**Data**
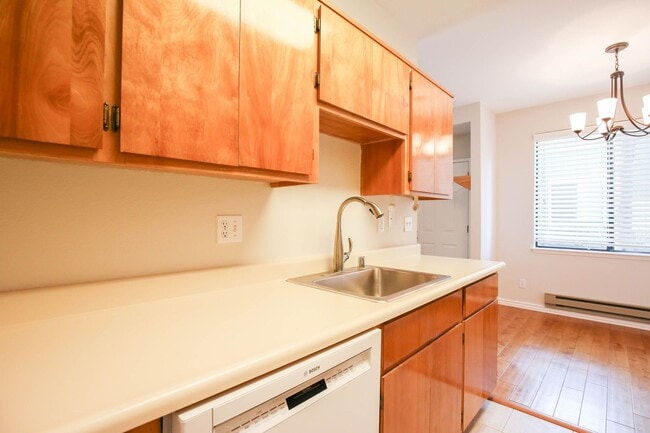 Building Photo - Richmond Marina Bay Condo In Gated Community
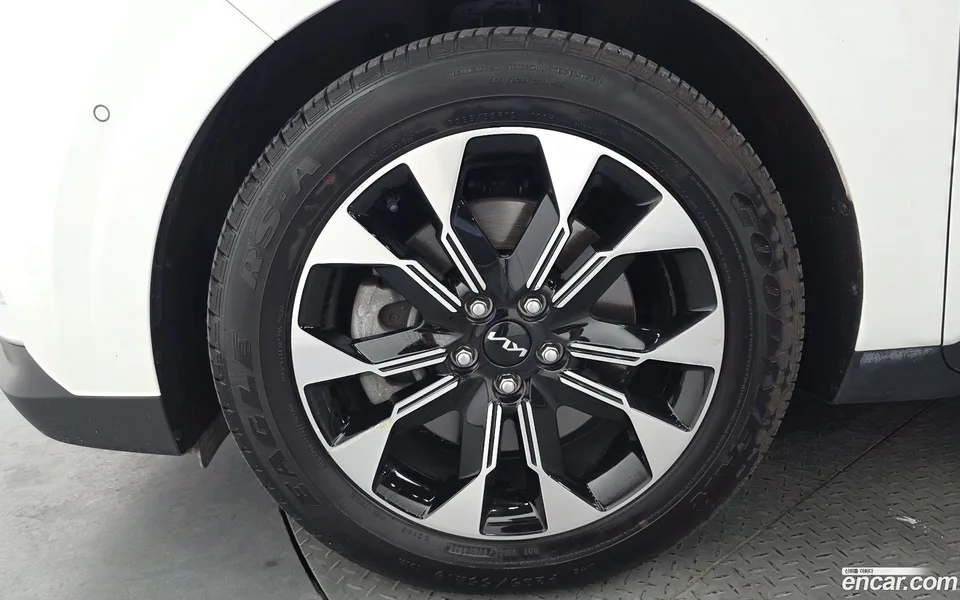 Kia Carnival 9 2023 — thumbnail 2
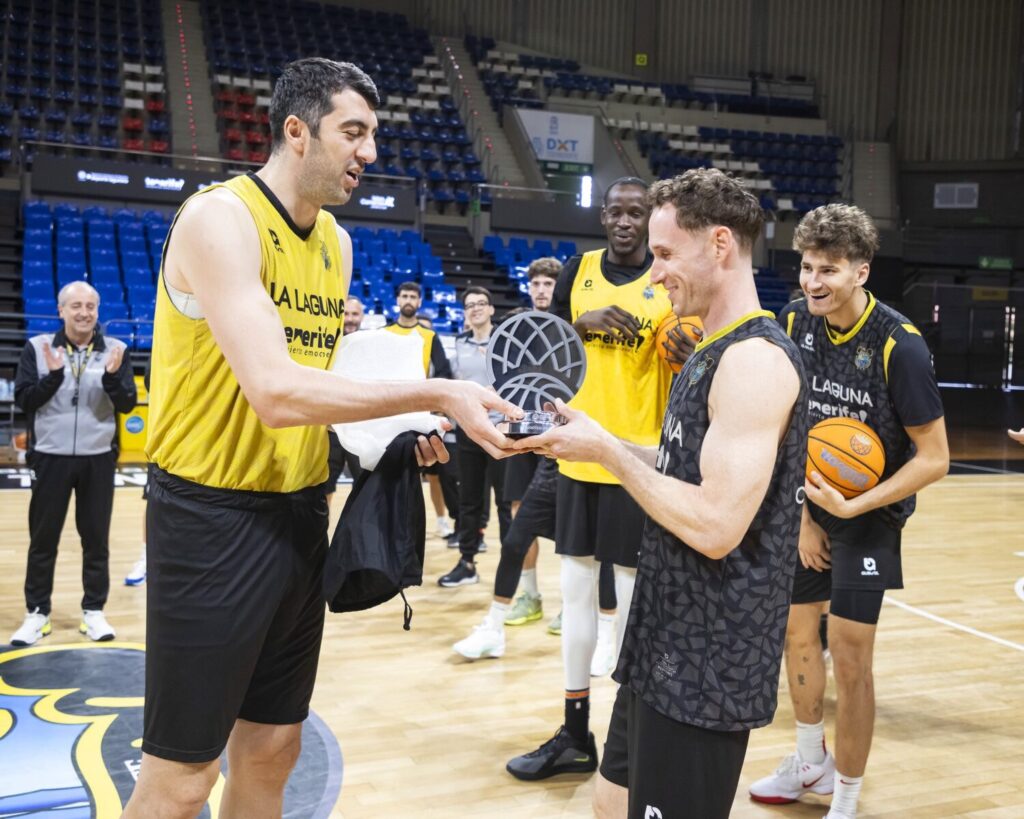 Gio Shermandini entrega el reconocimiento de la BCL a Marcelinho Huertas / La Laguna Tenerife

...

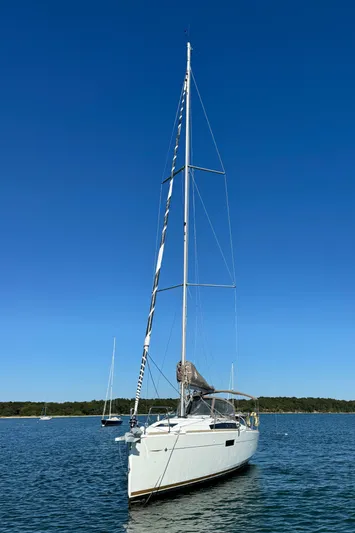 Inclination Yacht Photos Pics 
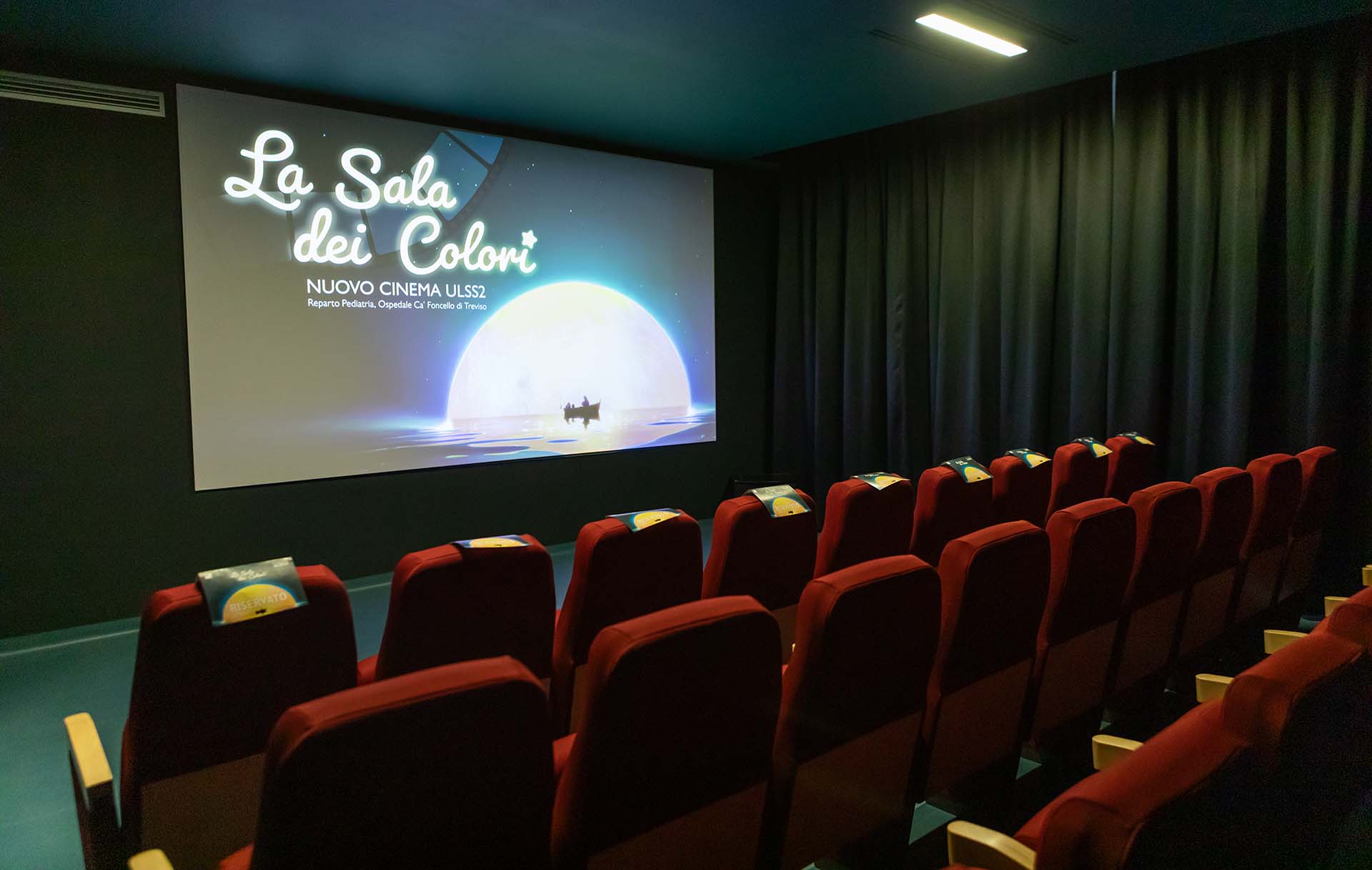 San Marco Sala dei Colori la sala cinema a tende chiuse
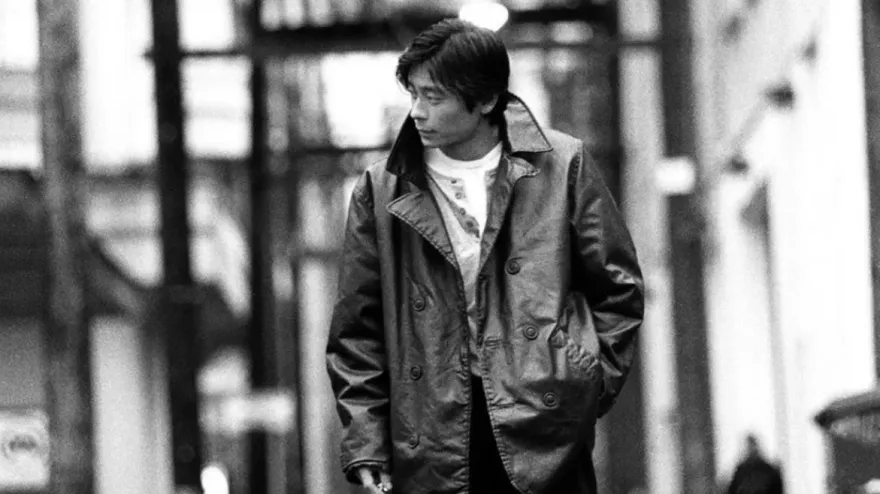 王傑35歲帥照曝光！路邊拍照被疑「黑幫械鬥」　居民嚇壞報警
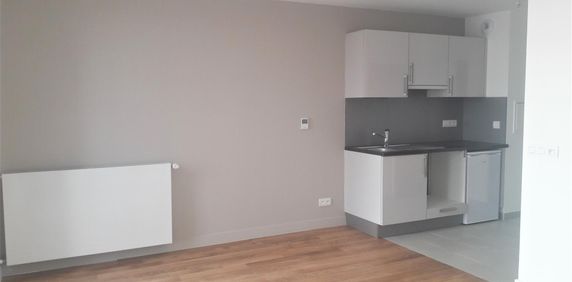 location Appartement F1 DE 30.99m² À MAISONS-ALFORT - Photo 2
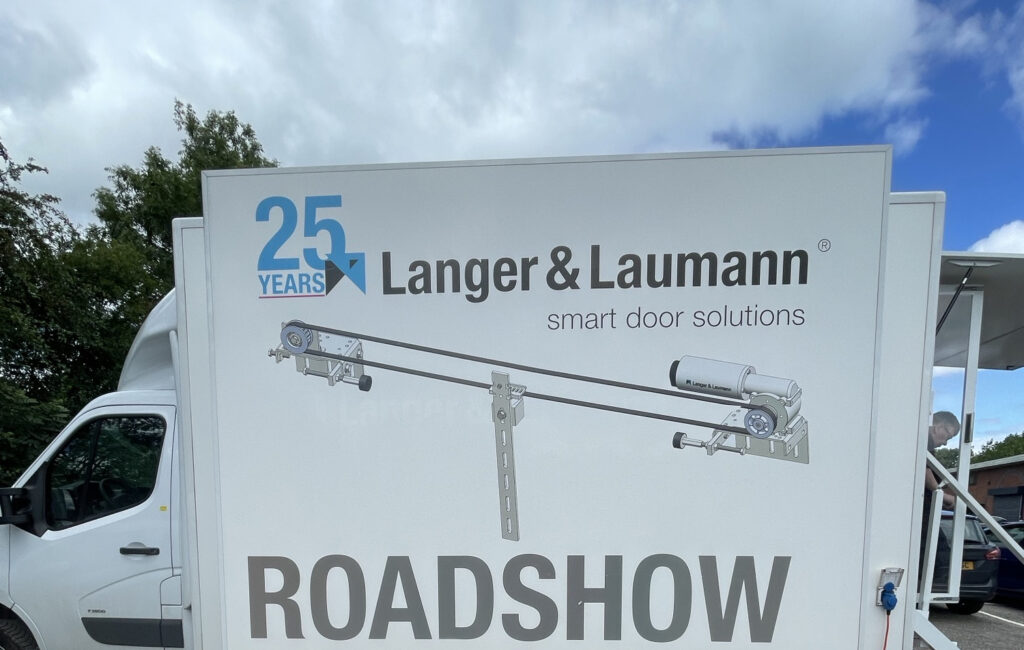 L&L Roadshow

---

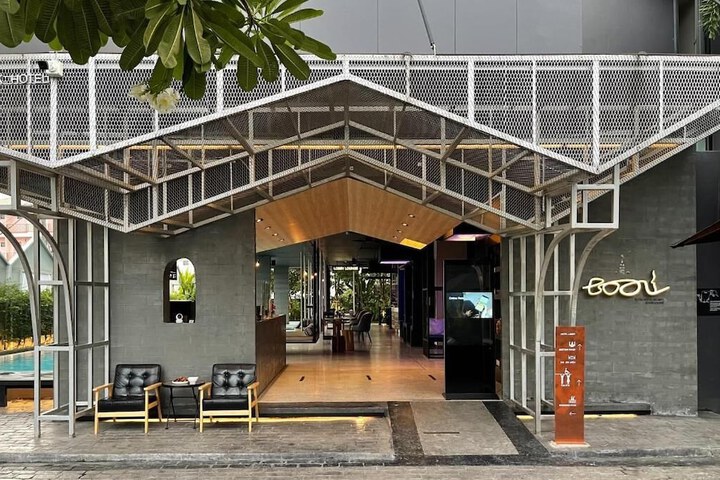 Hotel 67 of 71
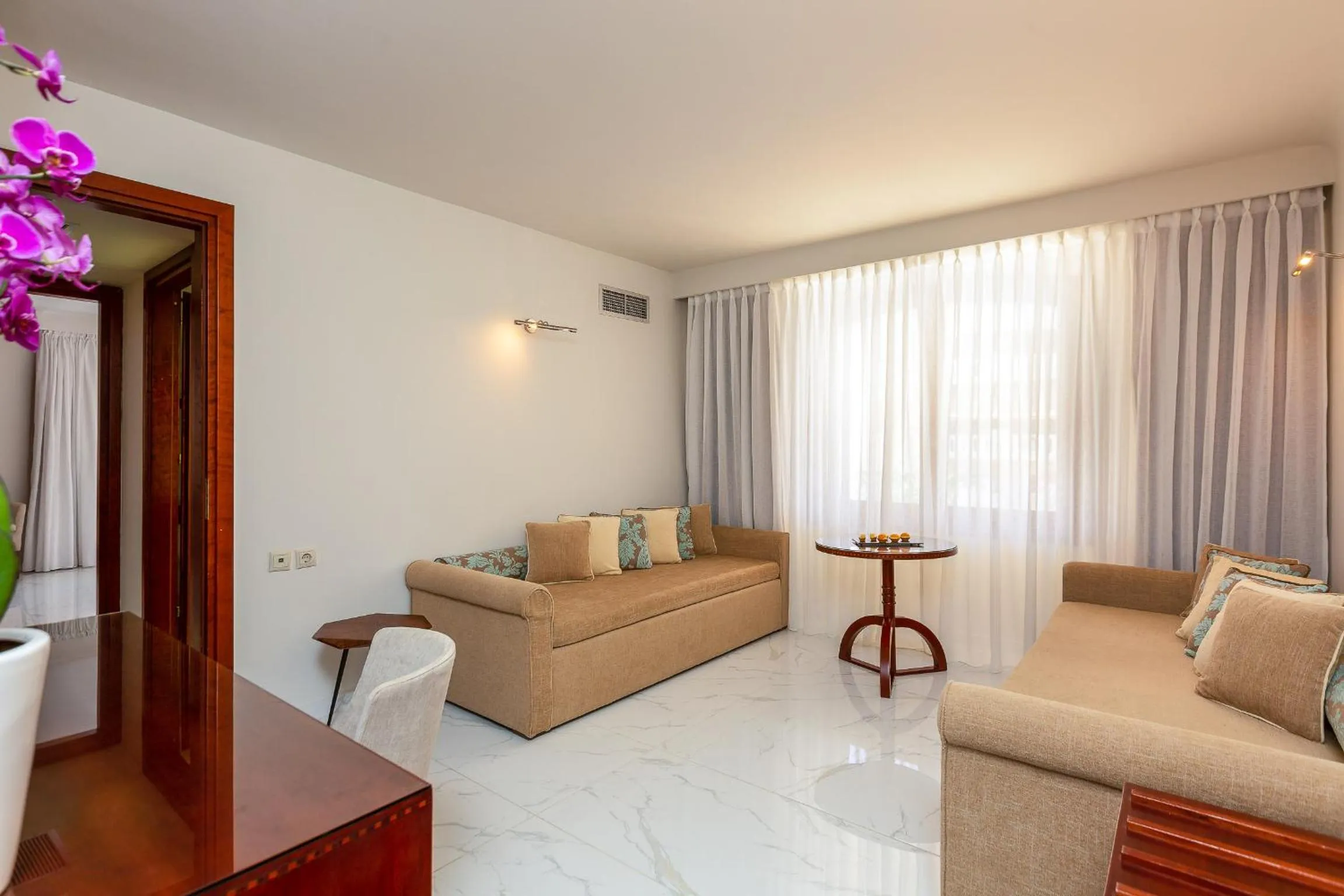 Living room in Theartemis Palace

**Task statement**
From the records above, extract the lines from the one holding "Inclination Yacht Photos Pics" through the one holding "L&L Roadshow", word for word; omit the pictures.

**Answer area**
 Inclination Yacht Photos Pics 
 San Marco Sala dei Colori la sala cinema a tende chiuse
 王傑35歲帥照曝光！路邊拍照被疑「黑幫械鬥」　居民嚇壞報警
 location Appartement F1 DE 30.99m² À MAISONS-ALFORT - Photo 2
 L&L Roadshow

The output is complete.